Yesterday I watched the new episode of Blood+ , which I loved, and when Nathan started talking about Saya and Diva's mother, it got me thinking. Which daughter was she most like, how did she die, things like that. So I wrote a one shot. at midnight XD so it might not be as good as i tihnk it is, seeing as how i'm kinda sleep-deprived at the moment, but i'll try to put it up tomorrow, probably. I've also got the first part of my death note fanfic to put up, which i'll try to do later today.

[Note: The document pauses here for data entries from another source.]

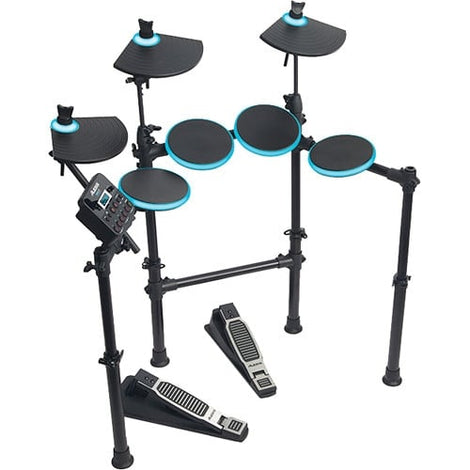 Alesis DM Lite Kit Portable Folding Rack With Electronic Drum Set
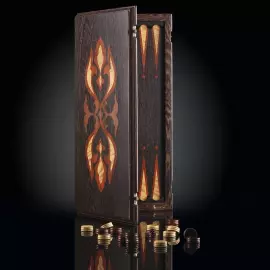 Нарды из венге "Саламандра Элит"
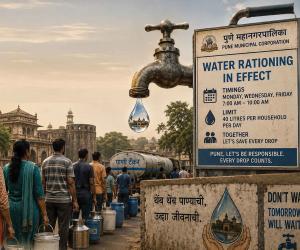 Water rationing in Pune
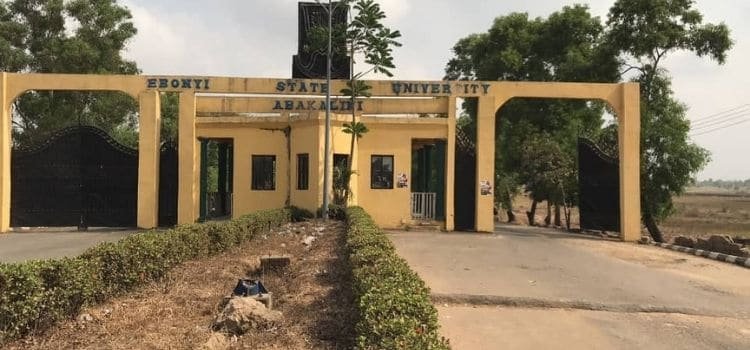 Ebonyi State University Enforces No School Fees, No Exams Policy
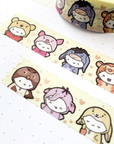 Winnie & Friends 2.0 Washi Tape - 15mm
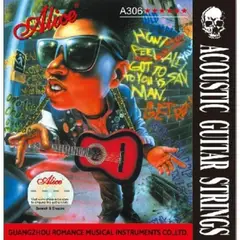 ALICE - SET DE CUERDAS GUITARRA ELECTROACUSTICA METALICAS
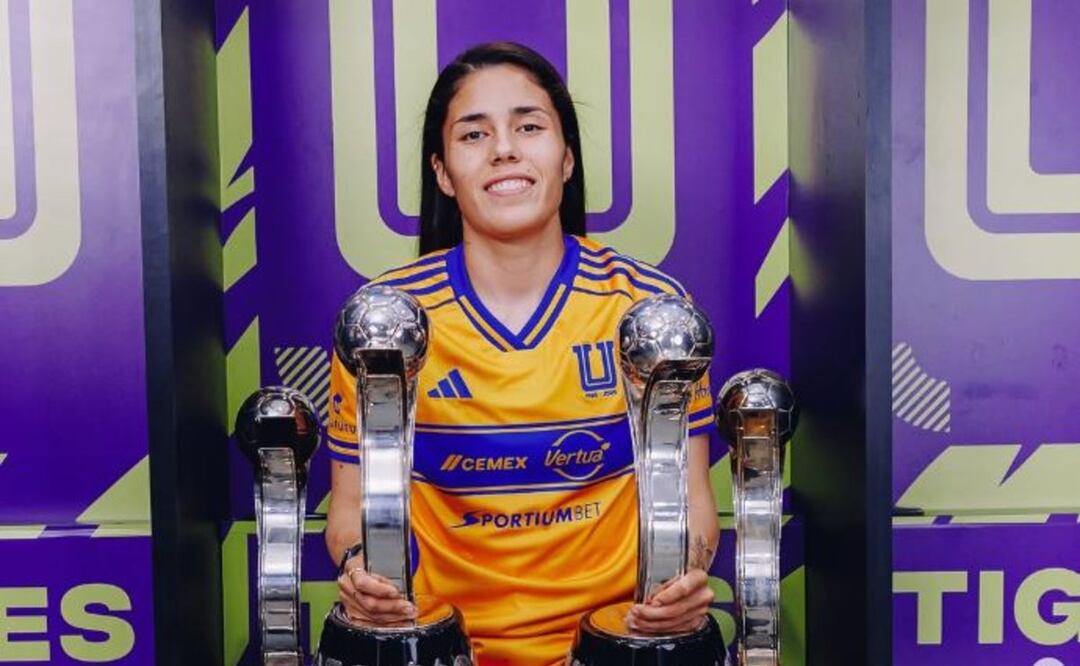 Foto: Instagram (Lizbeth Ovalle es fichada por Orlando Pride en traspaso récord ¿Cuánto dinero recibió Tigres?)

my mom worked last night, and she just got home. she stopped at burger king and brought hash browns for breakfast! :D i was a happy girl. but now my stomach hurts T_T
i have no tests or quizzes today. none at all. YES!!!!! that never happens!! of course, i do have a math quiz and a history quiz to make up, but still. well, i ithnk that's really all i have to say for right now. I'll try to put up my death note fanfic when I eat lunch, but no promises.

Today's Random Thought: A good friend will comfort you when he rejects you. A best friend will go up to him and say "It's because you're gay, isn't it?"